The response should contain only the line with "ein Schlafzimmer mit" and every line after it to the end of the listing below, duplicated exactly; no picture belongs in it.
____________
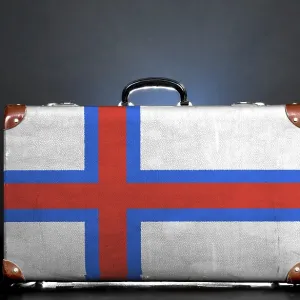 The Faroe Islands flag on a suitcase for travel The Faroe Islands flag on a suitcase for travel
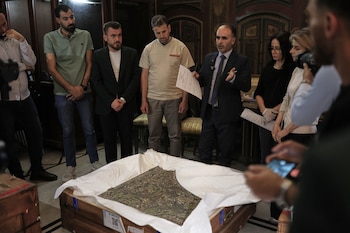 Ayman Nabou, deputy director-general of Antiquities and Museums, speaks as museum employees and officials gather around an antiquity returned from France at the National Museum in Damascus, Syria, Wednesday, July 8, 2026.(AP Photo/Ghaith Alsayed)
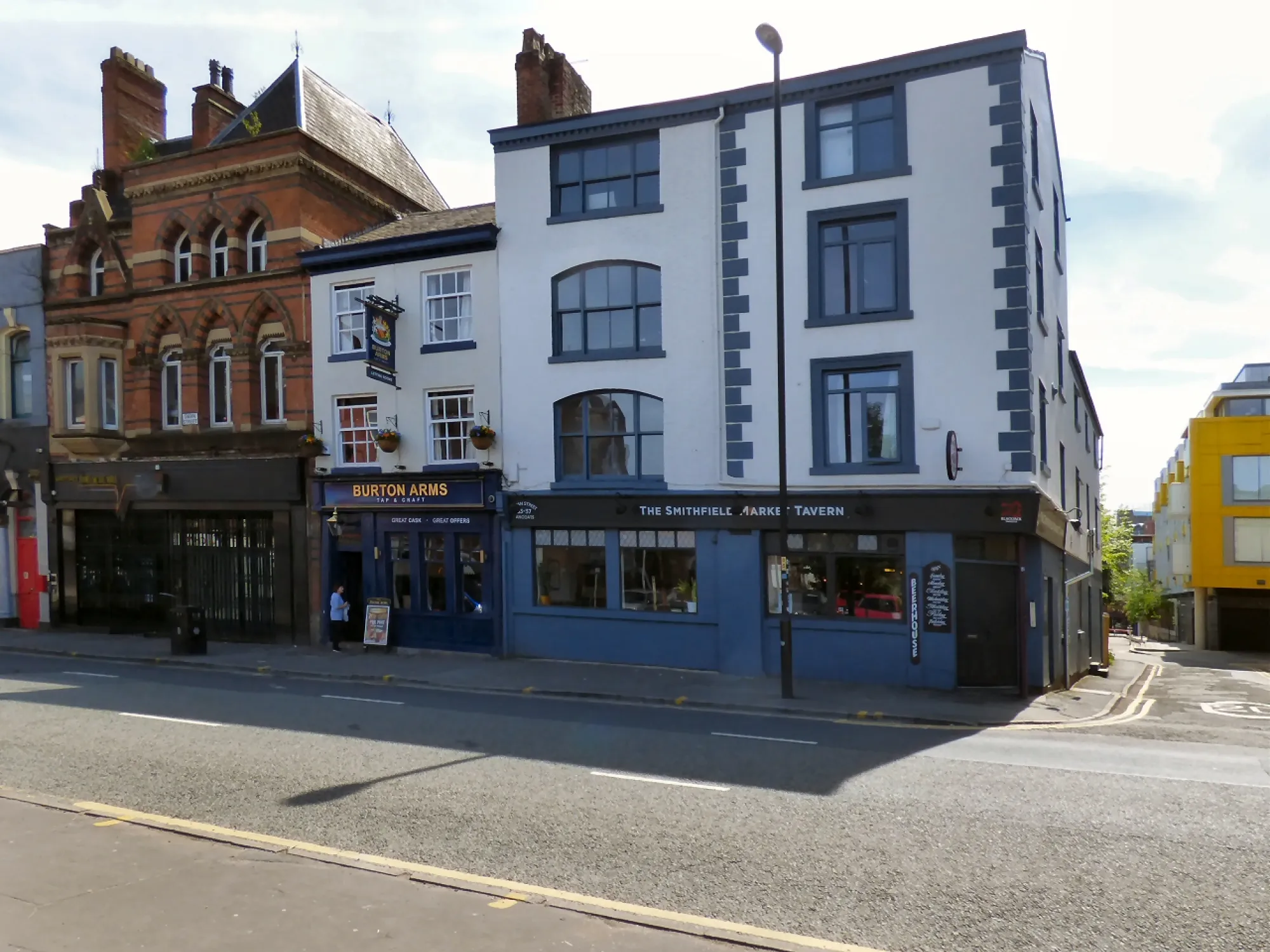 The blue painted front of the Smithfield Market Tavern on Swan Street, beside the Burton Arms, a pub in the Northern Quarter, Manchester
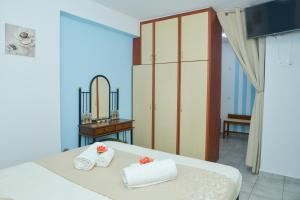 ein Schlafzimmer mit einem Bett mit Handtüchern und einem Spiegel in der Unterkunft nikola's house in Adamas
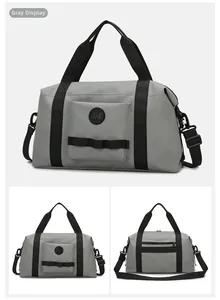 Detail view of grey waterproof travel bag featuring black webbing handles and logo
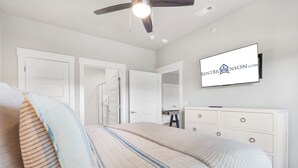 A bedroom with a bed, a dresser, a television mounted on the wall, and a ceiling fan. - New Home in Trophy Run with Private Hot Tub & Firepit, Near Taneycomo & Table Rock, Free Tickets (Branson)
____________
**Task response**
 ein Schlafzimmer mit einem Bett mit Handtüchern und einem Spiegel in der Unterkunft nikola's house in Adamas
 Detail view of grey waterproof travel bag featuring black webbing handles and logo
 A bedroom with a bed, a dresser, a television mounted on the wall, and a ceiling fan. - New Home in Trophy Run with Private Hot Tub & Firepit, Near Taneycomo & Table Rock, Free Tickets (Branson)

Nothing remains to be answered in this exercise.